Utah may be asking for the impossible by requesting that the U.S. Census Bureau count both missionaries for the LDS Church and other "similarly situated" overseas civilians, said the presiding judge at a hearing Wednesday on the state's census complaint.
U.S. 10th Circuit Court Judge Stephen H. Anderson made that comment after a lawyer for Utah argued that residents who are overseas serving missions for The Church of Jesus Christ of Latter-day Saints should count as part of the 2000 Census. If the 11,000 missionaries were added, the state would earn another congressional seat.
In the alternative, Tom Lee, representing the state, asked that the court tell census officials to discount all overseas military personnel from all states.
"Unless you persuade me otherwise, the only option is to include LDS missionaries or exclude federal employees . . . There is no conceivable way to go beyond the LDS group," Anderson said.
The federal appeals court appointed a three-judge panel — consisting of Anderson and U.S. District Judges Dee Benson and David K. Winder — to hear the case. Arguments by the Census Bureau and the state of North Carolina were expected later Wednesday. No ruling is expected for a week or two.
In December, when the 2000 Census apportionment figures were released, North Carolina beat out Utah by 857 people to gain another congressional representative. That state had more than 18,000 military personnel who were counted overseas, while Utah had fewer than 4,000.
Gov.
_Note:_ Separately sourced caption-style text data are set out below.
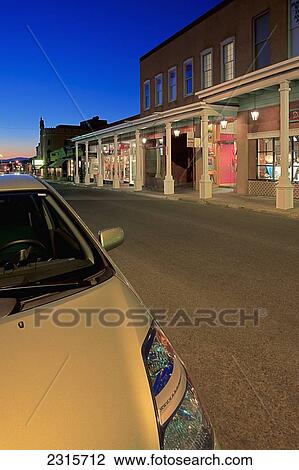Stock Image - USA, New Mexico, Santa Fe, View along West San Francisco Street at dusk in downtown. Fotosearch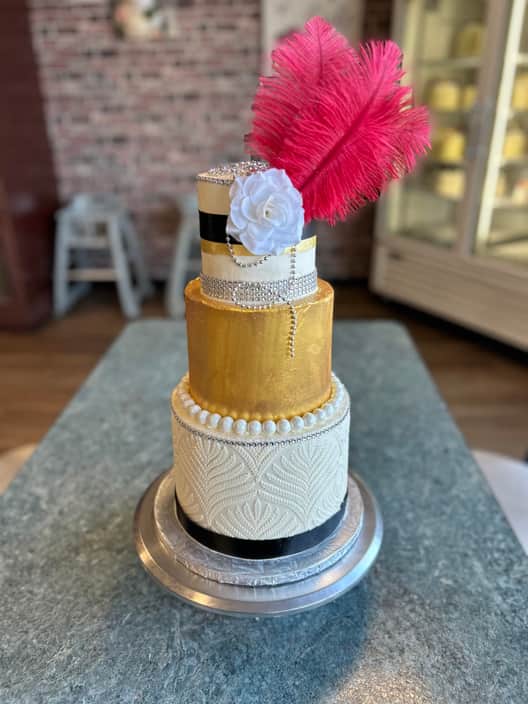 Four-tier art deco cake with a gold-leaf tier, an ivory tier piped with feather-fan patterns, black satin ribbons, strands of silver pearls and a white sugar rose, topped with a tall crimson ostrich feather.
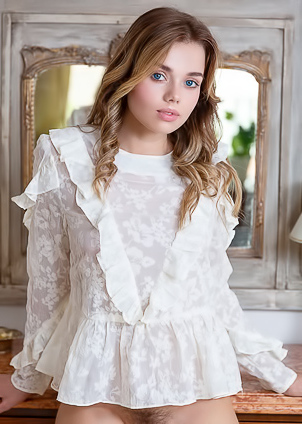 Keira Blue Getting Naked And Sitting With Thighs Parted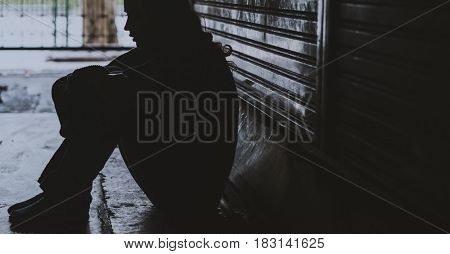Homeless Woman Sitting on The Street Side Hopeless
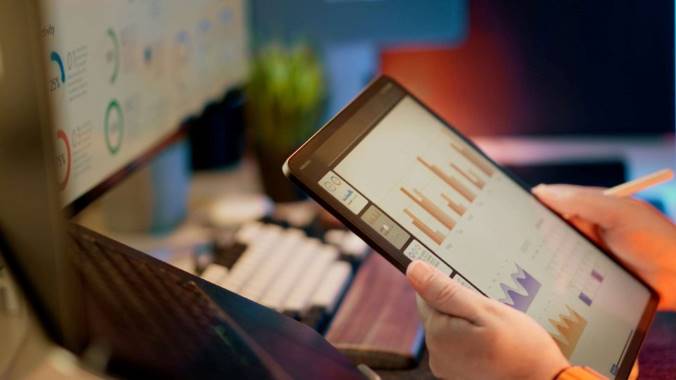Person analyzing financial data graphs on a tablet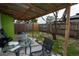 Backyard patio with a glass top table, seating, and a view of the fenced-in backyard at 4705 Murray Hill Dr, Tampa, FL 33615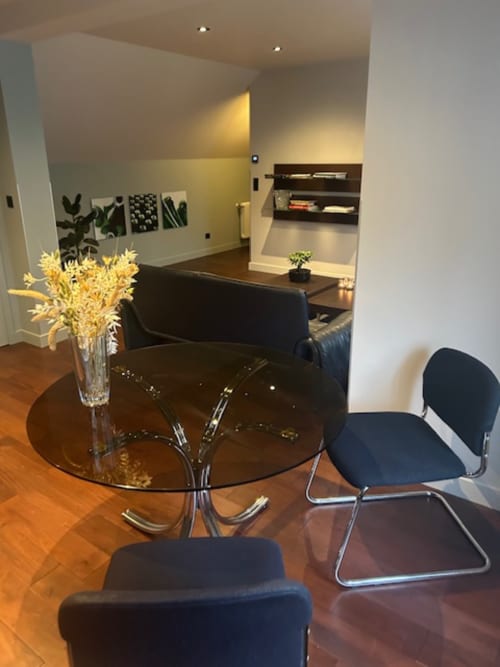 Modern dining area with round glass table, black chairs, and yellow flowers at Le Petit Château apartment in Baye, France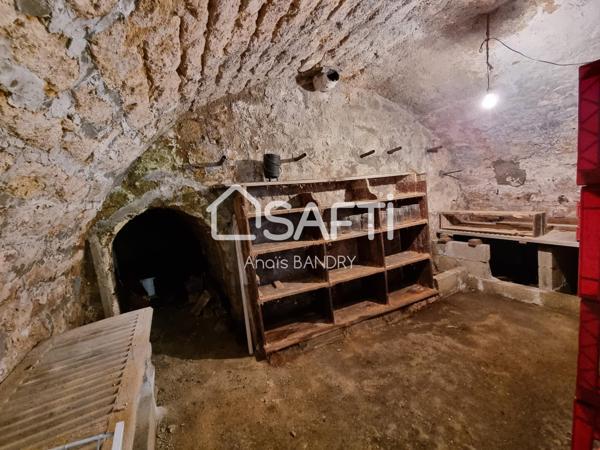 Maison dans un village avec commerces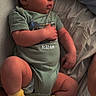 baby, sleeping, bed, onesie, yellow_socks, infant, peaceful, timestamp, human, child, resting, cute, indoor, soft_lighting, portrait, young, person, relaxation, cozy, clothing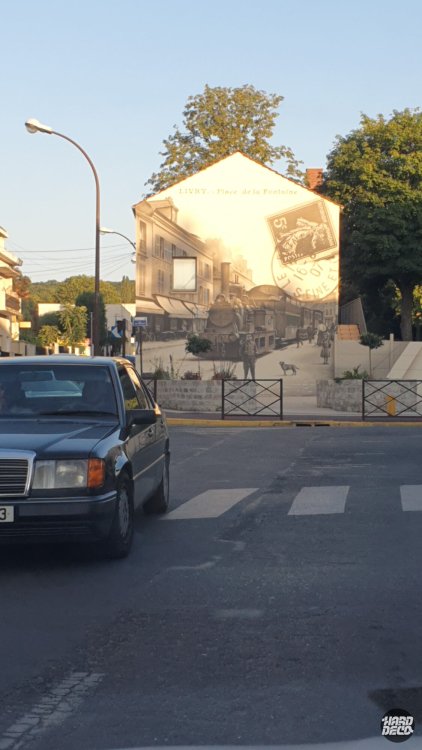 Fresque murale Livry-Gargan vue depuis la rue au soleil couchant, façade pignon avec carte postale ancienne peinte en sépia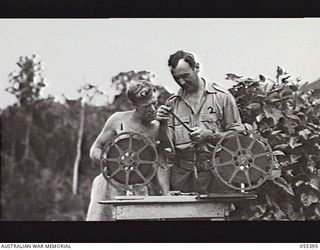 WAU, NEW GUINEA. 1943-08-9-12. FIELD OPERATORS OF THE AUSTRALIAN ARMY EDUCATION SERVICE FILM UNIT, PRIVATE J. RENNIE (LEFT) AND CORPORAL M. LEVI (RIGHT) REWIND AND SPLICE MOVIE FILM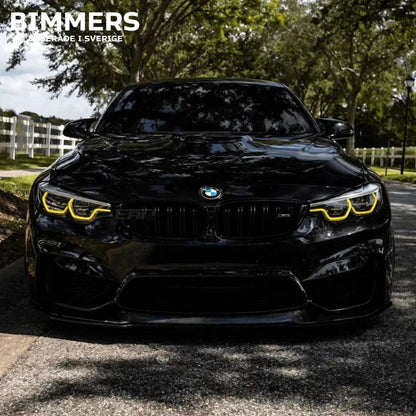 Frontvy av en BMW M4 F82 med tända gula CSL-inspirerade DRL-ljus från Bimmers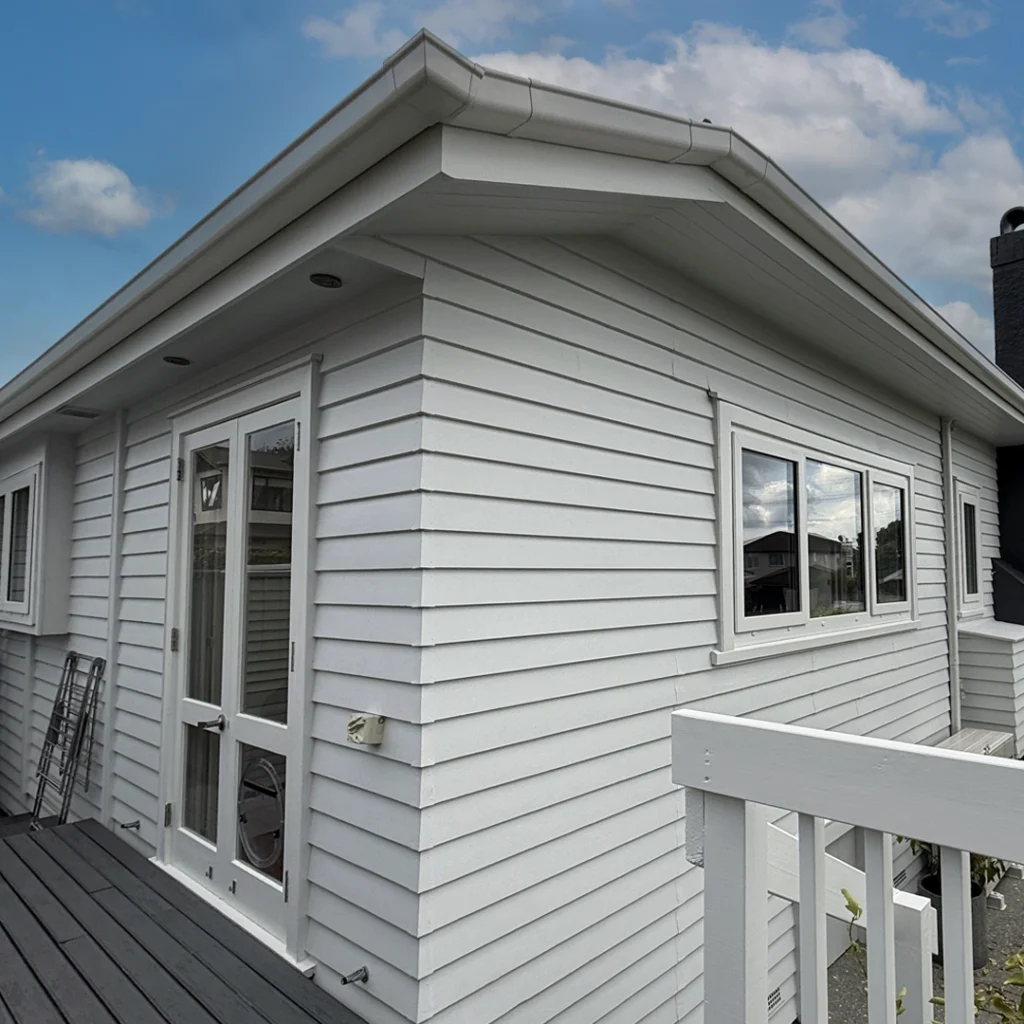 Repainted Bayswater villa with soft grey exterior and white trims by The House Painters, Auckland.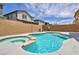 Backyard view of the pool and jacuzzi at 3232 Brayton Mist Dr, North Las Vegas, NV 89081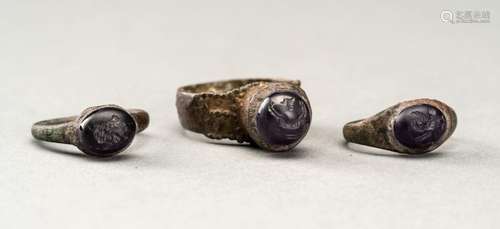 THREE PERSIAN BRONZE RINGS WITH AMETHYST INTAGLIOS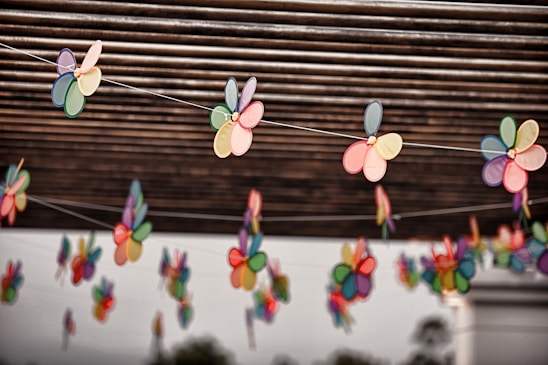 Colorful paper flowers are strung on thin wires under a roof of parallel wooden slats. Each flower consists of multiple pastel and bright-colored petals, creating a cheerful and lively ambiance. The background features blurred greenery.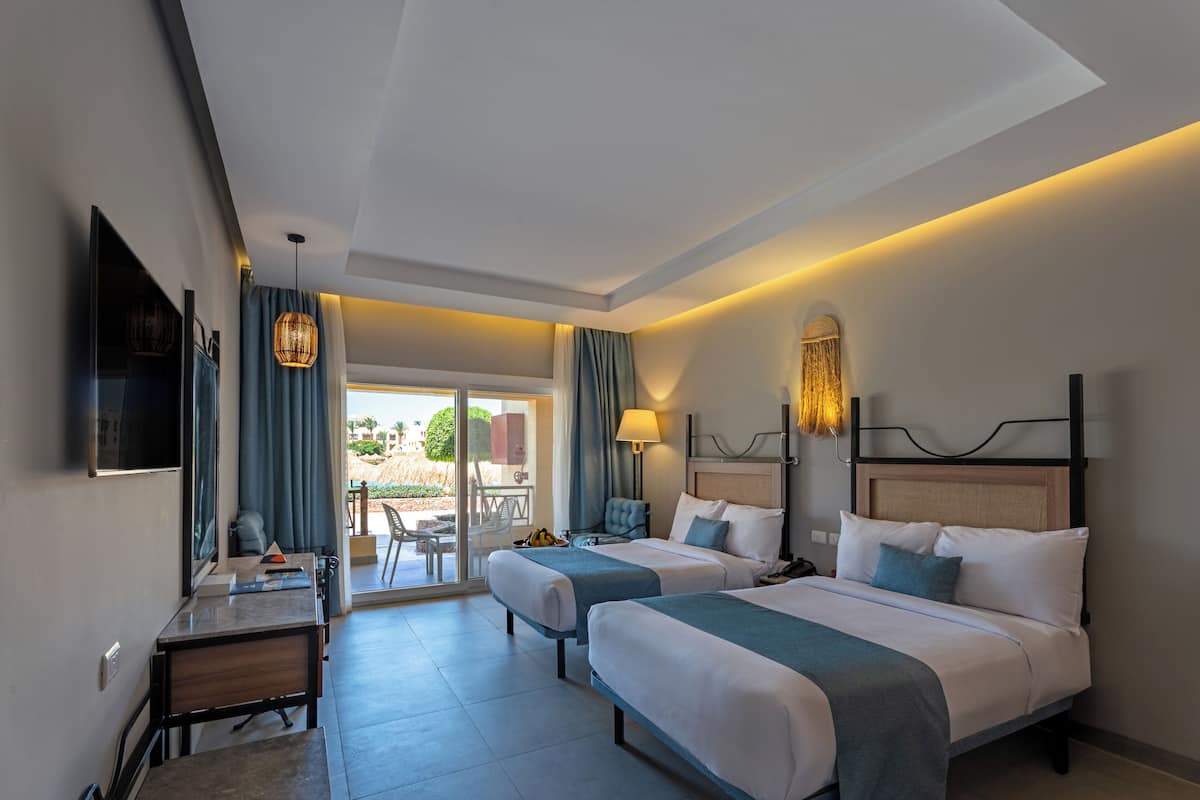 A hotel room with two beds, a desk, a TV, and a balcony with a view.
Mike Leavitt, members of the Utah Legislature and other state leaders filed a lawsuit against the bureau Jan. 10 claiming it was discriminating by excluding 11,176 Utah residents who were serving LDS missions overseas on April 1, 2000, the official date of the Census count. North Carolina intervened in the lawsuit in an attempt to protect its newly apportioned house seat from going to Utah.
Attorney Mike Lee, brother of Tom Lee, said earlier this month that statisticians have analyzed the numbers to make sure the state would still gain a seat if missionaries and civilians from every state were counted. About 100 LDS missionaries serve abroad from North Carolina, he said, and if the bureau were to count every U.S. resident living overseas, including corporate employees, representatives from other religions and military personnel, Utah would still stand to gain a representative.
One of the federal government's main arguments for counting only military personnel and not missionaries or other civilians overseas has been that it is the only subset of the population overseas that can be counted accurately. The Census Bureau has also said that the military population overseas is a "representative sample" of the entire population living overseas.
To try to count all others who are overseas and still have ties to their home states would essentially require a recount, according to the judge. It would be "wildly haphazard," he said.
Anderson said he has received word of 5,000 Southern Baptists serving abroad from North Carolina, plus 5,000 students who live abroad. Other groups like the Red Cross, Jehovah's Witnesses and even Rastafarians might come forward, he added.
"The question is whether the Census Bureau acted lawfully by counting only a narrow segment of all Americans living overseas," Lee said. That segment is "only those who happen to work for the federal government."
Some possibilities for inclusion, according to Utah's written brief, are those who served one year or more in religious or humanitarian services for which good records exist; those who are temporarily absent from their states of residence; those who are overseas for predetermined periods; and those who still have close ties to their home states.
"You've got the Board of Census here. What guidance would you give them?" Anderson asked Lee.
"It may not be possible to count all of them," Lee said, referring to all Americans overseas.
At another point, Anderson commented, "There's a long history of the Census Bureau attempting to count people abroad."
He wondered whether this approach was "leading us down a trail . . . where there is no ending."
When the first round of Utah's battle against the Census Bureau is over, it's likely to move on to the U.S. Supreme Court. Utah's attorneys requested the three-judge panel in the case so any appeal could go directly to the Supreme Court and the case could move as quickly as possible.